For “urgent” cases – those who have been hospitalized recently or who need rapid follow-up -, the wait is five to ten months.

For “priority” cases, the wait is on average over a year.

For those who stay, the “normal” who simply want to be followed by a doctor, the wait may exceed two years.

The predictable consequence is that patients who do not have a doctor will engulf even more our emergencies perpetually crowded for 40 years. In hospitals in Greater Montreal, where half of Quebecers live, ten to twelve hour emergency room stays to treat an infection or minor injury are not uncommon.

Many Quebecers, discouraged, thus give up being treated. Last year, before the pandemic, more than 1000 Quebecers emerged from a hospital emergency EVERY DAY without having seen a doctor. The fifth of them had a priority 3 rating, which means their condition could be life threatening.

In fact, according to an international comparison among 11 rich countries carried out a few years ago, Canada was last for same-day or next-day access to a doctor or nurse, last for access to a specialist, last for waiting for non-urgent surgery, and last for waiting in emergency. Quebec was below the Canadian average for each of these measures, and the general picture has not improved since.

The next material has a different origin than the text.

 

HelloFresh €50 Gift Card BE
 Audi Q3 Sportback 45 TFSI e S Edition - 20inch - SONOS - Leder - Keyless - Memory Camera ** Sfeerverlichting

Moreover, after having waited all their lives for treatment, the most mortgaged Quebecers are still waiting to obtain a place in a place where they can end their retirement years. The wait has even increased in 2020, despite the hecatomb that the pandemic caused in CHSLDs. Even for those who do get a spot, the end of life in double or triple occupancy can taste bitter. An expert in eldercare has calculated that at the current rate, we will need 40 years to fill the need for places in CHSLDs …

Where is the money going?

What is the problem? In part, it is a question of resources. Canada – and by extension Quebec – has fewer doctors, fewer hospital beds, less devicesmedical imaging and less radiotherapy devices than most developed countries.

It is not, however, a question of money. Whether we consider the measure in terms of the amount spent per capita or in proportion to the size of the economy, Canada spends more than the average for developed countries, and Quebec is in the Canadian average, spending even a little more than Ontario.

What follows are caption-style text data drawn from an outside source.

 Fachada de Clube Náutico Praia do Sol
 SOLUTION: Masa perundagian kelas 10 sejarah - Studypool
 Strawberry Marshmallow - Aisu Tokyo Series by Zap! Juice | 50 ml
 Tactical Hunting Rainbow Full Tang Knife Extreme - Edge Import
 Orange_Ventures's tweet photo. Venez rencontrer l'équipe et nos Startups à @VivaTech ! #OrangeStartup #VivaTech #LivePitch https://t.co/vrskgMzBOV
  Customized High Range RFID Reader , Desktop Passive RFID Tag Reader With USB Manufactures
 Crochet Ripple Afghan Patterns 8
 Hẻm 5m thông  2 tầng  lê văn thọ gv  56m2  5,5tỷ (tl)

Rather, the problem is where the money is going and whether it is spent in the most optimal and productive way. A question of allocation, innovation and incentives. More clearly: our health system is not very efficient, it does not spend in the right places, and all kinds of not very logical rules (to be polite) mean that it does not improve easily or quickly. This probably makes Quebec the place in the rich world where the term “patient” takes on its fullest meaning.

The gray tsunami

It won’t get better. About 800,000 Quebeckers are 75 years of age or over. In ten years, in 2031, they will be around 1.2 million, or 50% more than today.

For example, those aged 75 and over represent approximately 350,000 visits per year to our emergency rooms, out of some 3.7 million before the pandemic. A 50% increase in this age category would represent 175,000 more emergency room visits in a year. Our health care system is just not ready to handle this. This is without counting the impact of the aging of the population on cancers, joint ailments, and all the other problems that come with old age and which will explode the demand for care.

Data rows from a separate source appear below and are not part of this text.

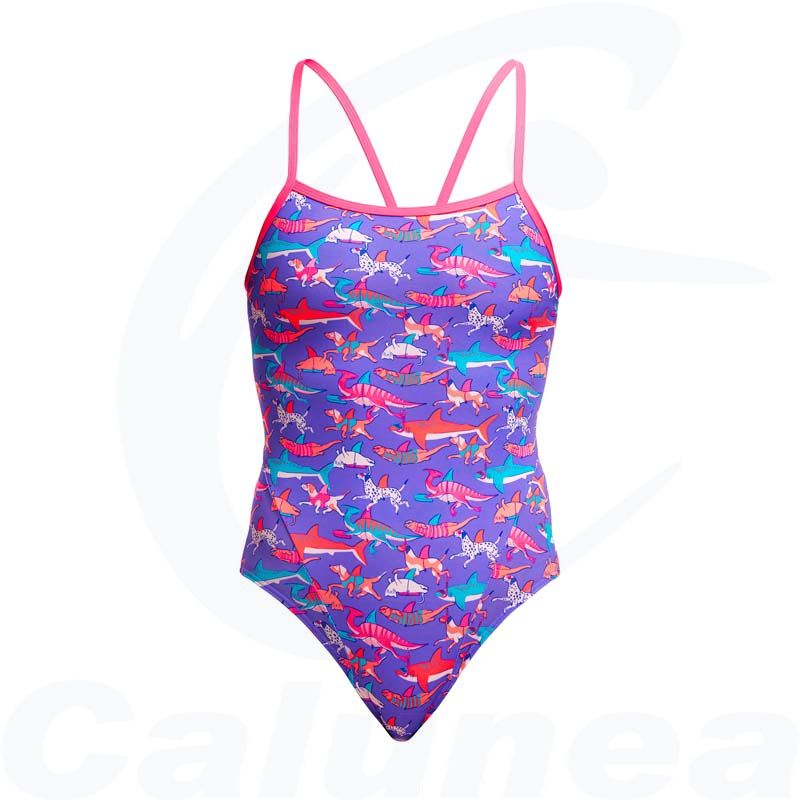 Image du produit Women's swimsuit DOGGIE PADDLE SINGLE STRAP FUNKITA - boutique Calunéa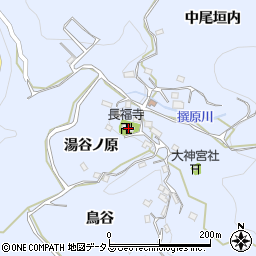 京都府相楽郡和束町撰原湯谷ノ原周辺の地図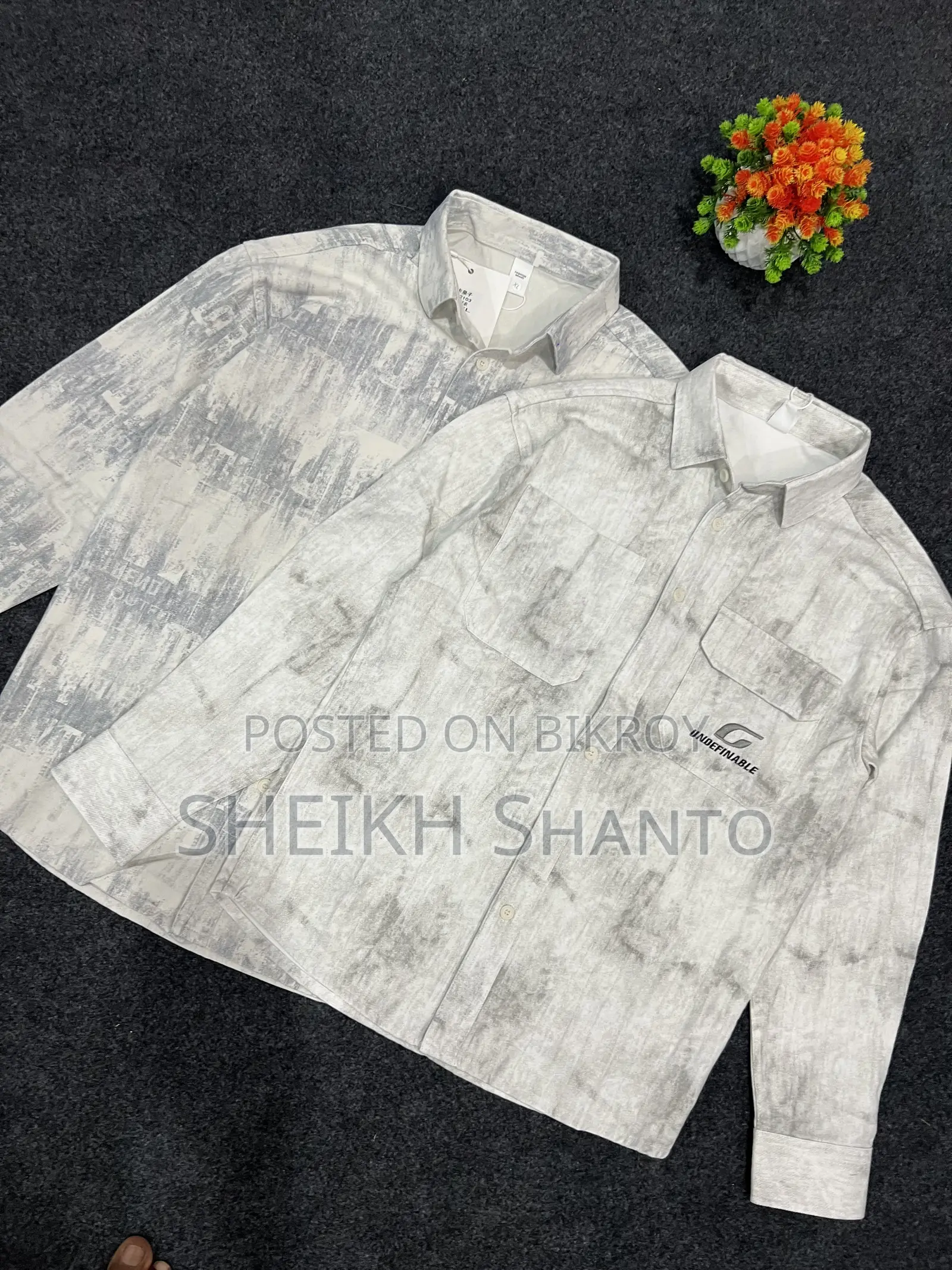Boxy Fit Shirt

In short, the ailments plaguing our health system are of biblical proportions.

The good news is that there are so many solutions, often surprisingly simple and inexpensive, and very much compatible with the idea of ​​a universal system accessible to all. All our decision-makers lack is a little will, imagination and pragmatism.

This is what we will explore over the next four texts, putting ideologies aside and focusing our attention on facts, data, and the experience of other countries that are more successful than us – we are going to look more at Europe than that of the United States – and see how we can import the best practices here, as much for the benefit of our parents as for that of our children and our grandchildren.

The first step will be to break down the barriers and counterproductive rules that slow down or block access to care.